We togen naar de plaatselijke rijwielhandel en zochten een fraai exemplaar voor haar uit. Over een weekje mochten we de nieuweling op komen halen.
We vertrokken zonder fietsen richting IJsselmeer. We zouden daar wel een dames- en herenmodelletje huren. De laatste negen jaar brachten we onze vakanties wandelend door. Elyn, onze Schotse Collie, had er een tamelijk overdreven hekel aan gehad om in de fietskar te zitten die we zo genereus voor haar plezier hadden aangeschaft. Als proef werd ze enkele keren als een prinsesje rondgereden, maar ze jankte aan één stuk door als Bor de Wolf met een dubbele hernia. De fietskar werd, met vijftien kilometer op de teller, ingeklapt en op zolder gestald. Nu Elyn er niet meer was, zouden we de omgeving dit jaar weer eens trappend verkennen.

Op het buitenterrein van het stoommachinemuseum in Medemblik lag een boot. We wandelden over het dek en er kwam een medewerker van het museum aangelopen.
‘Benedendeks is het pas echt interessant’, zei hij goedgemutst en hij wees naar een laddertje dat bijna verticaal naar beneden liep. ‘Kom mee, dan leg ik jullie één en ander uit.’
Ik slikte. Ik krijg de bibbers van verticale trapjes. Ik lieg zelden maar moest in een fractie van een seconde mijn leven veilig zien te stellen.
‘Mijn vrouw gaat wel mee maar ik moet helaas boven blijven. Met mijn gekneusde rib gaat het niet lukken.’
Mijn vrouw keek me met grote ogen aan, schudde haar hoofd en volgde de man van het museum de boot in. Ik zag ze in een zwart gat verdwijnen. Ik bleef met mijn leugen eenzaam boven achter.

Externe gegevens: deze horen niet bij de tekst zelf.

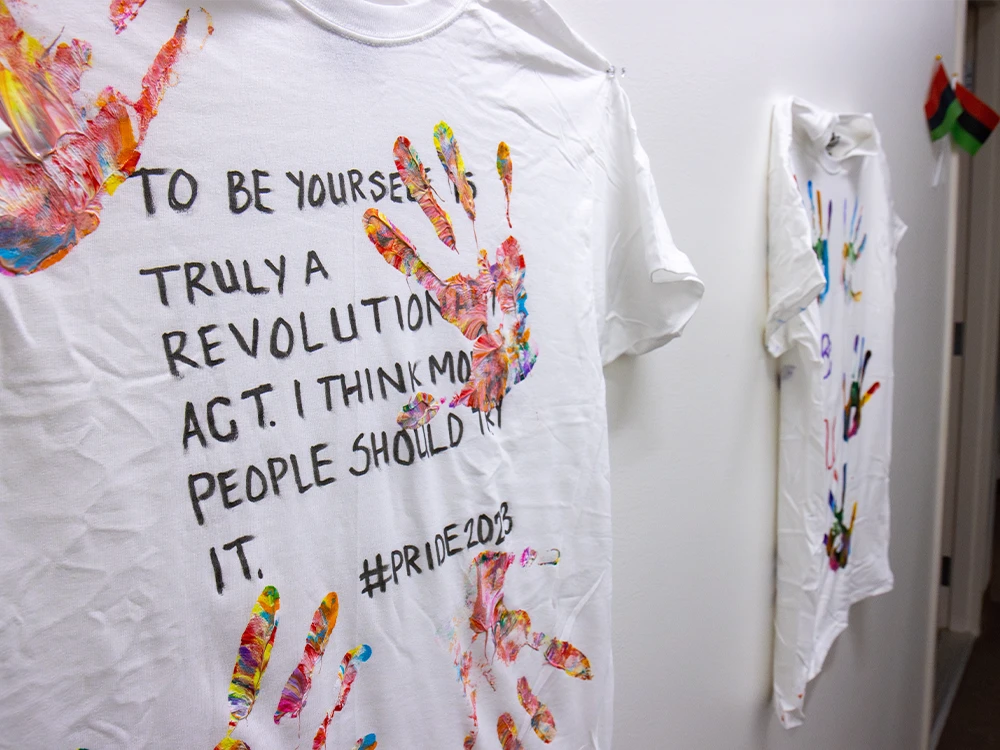 A shirt hangs on a wall, with colorful, painted handprints and the words: To be yourself is truly a revolutionary act. I think more people should try it.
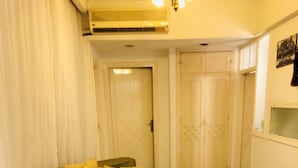 A living room with a green sofa, a white door, and a tiled floor. - Very cozy and comfortable in a quite place (Heliopolis)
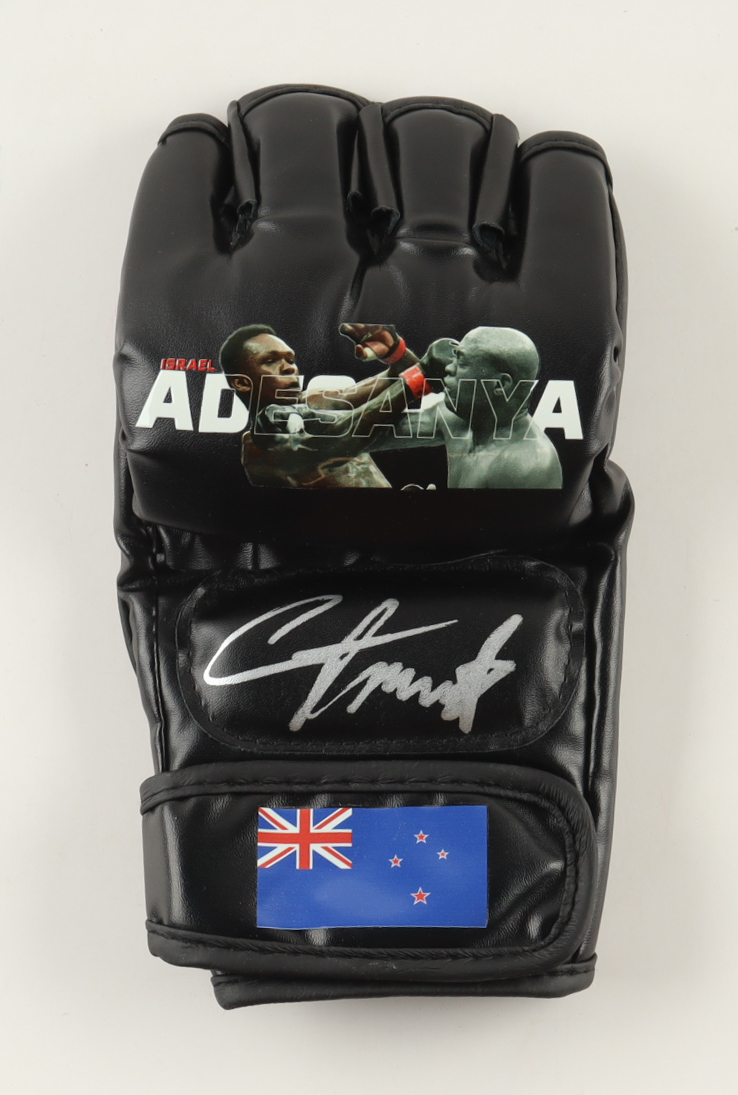 Israel Adesanya Signed Custom New Zealand MMA Fight Glove (Beckett) at PristineAuction.com Israel Adesanya Signed Custom New Zealand MMA Fight Glove (Beckett) at PristineAuction.com
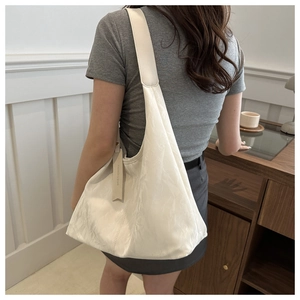 Détail du grand sac cabas blanc crème avec texture plissée et étiquette de mode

Er stond een berichtje op de voicemail. De nieuwe fiets van mijn vrouw was gearriveerd. We waren nét een uurtje terug van West-Friesland maar het ophalen van de fiets duldde geen uitstel. Zoiets zie ik in haar ogen.
Het was een absoluut een prachtige fiets die daar fonkelend in de winkel stond. Zou hij wel goed veren?, vroeg ik mij volstrekt onzinnig af. Ik duwde eens ferm op het stuur. Er was geen beweging in de voorvork te krijgen. Ik spande mijn ouwe spieren en zette flink wat kracht. Ik stond naast de fiets in plaats van dat ik erop zat. Dat was niet al te slim merkte ik een seconde later. Een of andere vage natuurwet – waarschijnlijk die van Newton – liet zich gelden. Het stuur schoot vol tegen mijn ribbenkast. Ik trok spierwit weg. Het werd een zeer pijnlijke nacht. Een gekneusde rib is niet niks. Met terugwerkende kracht had de leugen uit West-Friesland zich in Noord-Brabant tegen me gekeerd.

22 gedachten over “Met terugwerkende kracht”

  1. Ik begon mijn dag met een lach: Bor de wolf met een dubbele hernia. Hij is leuk. En ik zie het zo voor me, dat beest als een sirene in die bak 😀

Reacties zijn gesloten.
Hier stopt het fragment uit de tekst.